Silicon Secured Memory (SSM)
>> Code operating within one compartment has no access to any other area, which means that even if an attacker compromises one piece of the code or data, they cannot access other areas. Arm claims there has never been a silicon implementation of this kind of hardware capability in a high-performance CPU
The industry had Silicon Secured Memory (SSM) on SPARC since 2015, in the highest performing processors on the market.
https://www.theregister.com/2015/10/28/oracle_sparc_m7/
Looking back on a 2015 register article...

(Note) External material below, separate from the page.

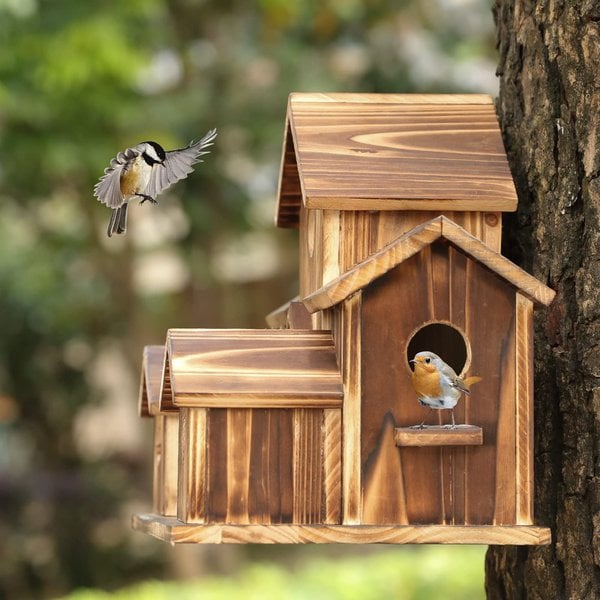 WillowNest volière en bois fonctionnelle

- SPARC Solaris actually used the MMU to separate User from Kernel memory by default, avoiding typical non-SPARC pointer security exploits by hackers (do OS's on ARM actually separate Kernel from User memory maps today? This is an OS issue, not a hardware issue, and OS's should have been called out.)
- There is virtually no CPU cost for SPARC Silicon Secured Memory (SSM) protection in hardware, making sure pointers do not exit their [already reasonably secured] MMU isolated area
- The SSM under SPARC really only needs to protect from stray pointers in a very limited MMU area, so 4 bits is more than enough, which the 2015 article did not understand
- "If it doesn't alert anyone" was a false fear in 2015, since violations immediately notify Oracle via ASR in real time, before app owners are aware
Claiming protection in hardware "in a high performance CPU" is a first of it's kind, is ludicrous... the register should have caught & compared it to what already exists.